Avant même la pandémie, les normes du PSC étaient déjà en débat, aussi bien pour la limite de 3% du PIB pour le déficit public (État, collectivités locales, sécurité sociale) que pour le seuil de 60% pour le ratio de dette publique (même périmètre). Aujourd’hui, le sentiment dominant est qu’il faut refonder le PSC. Le refonder car il ne s’agit en aucune façon de jeter le bébé avec l’eau du bain : le principe d’une gestion responsable de leurs finances publiques par les pays-membres de l’euro n’est pas négociable. La réalité oblige cependant à affirmer que des règles systématiquement violées perdent leur crédibilité. A la fin de 2021, le ratio de dette publique était de 150% pour l’Italie, 110% pour la France, 200% pour la Grèce. Même l’Allemagne était sortie des clous du fait des chocs à affronter, avec un ratio de 70%. Tout ceci intervenant dans un contexte de taux d’intérêt fort modiques, pour certains États emprunteurs de taux d’intérêt proches de 0% voire négatifs. La remontée des taux amorcée depuis quelques mois, et qui devrait se poursuivre sur la seconde moitié de 2022, n’arrange guère les affaires, des emprunteurs, publics ou privés. On sait que les stocks se corrigent beaucoup plus lentement que les flux, autrement dit qu’il est plus facile de réduire rapidement les ratios de déficits publics, alors que les ratios de dette publique sont rigides à la baisse (mais pas à la hausse !). Pour que la France ou l’Italie reviennent à 60% de dette publique il faudra des décennies, et encore sous des conditions favorables de taux de croissance et de taux d’intérêt. Une raison non pas pour encourager le laxisme budgétaire mais pour choisir des cibles qui ne soient pas hors de portée à un horizon de cinq à dix ans.

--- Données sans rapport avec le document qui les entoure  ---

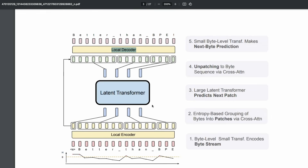The way the model works: you have a local encoder, a latent transformer, and a local decoder. The local encoder takes the text and converts it into a byte stream. That byte stream is then converted into something called patches. Patches are created based on how difficult it is to predict the next byte — similar bytes are grouped together as patches. That patch is used to predict the next patch, and finally unpatching happens, giving you next byte prediction rather than next token prediction.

La mutualisation partielle des dettes publiques n’invalide pas la mise en œuvre de règles budgétaires nationales. Elle a été décidée face au défi du Covid-19, et dans la douleur du fait de la résistance des pays « frugaux » (Pays-Bas, Finlande, Autriche…) et avec des retards à l’allumage. Le plan Next Generation EU de 750 milliards d’euros est une opération « one shot », qui ne va pas se reproduire vite et souvent malgré les pressions favorables de certains pays (dont la France).

La réforme du PSC de 2003-2005 est loin d’avoir réglé la question du pilotage budgétaire et fiscal dans la zone euro. Certes, elle a in fine débouché sur le semestre européen, ce processus de concertation entre Bruxelles et chaque pays-membre à propos de leurs programmes économiques. Le jargon européen s’en donne à fond avec le « two pack » et le « six pack », une manière savante de désigner cette concertation. On croyait avoir progressé dans la bonne direction, en surveillant les soldes budgétaires « structurels », c’est-à-dire les soldes corrigés de l’impact de la conjoncture sur les dépenses et les recettes publiques afin de ne conserver que l’effet des mesures budgétaires et fiscales discrétionnaires. En pratique, le calcul des soldes structurels soulève nombre de questions méthodologiques qui en font un instrument de pilotage au niveau européen discutable.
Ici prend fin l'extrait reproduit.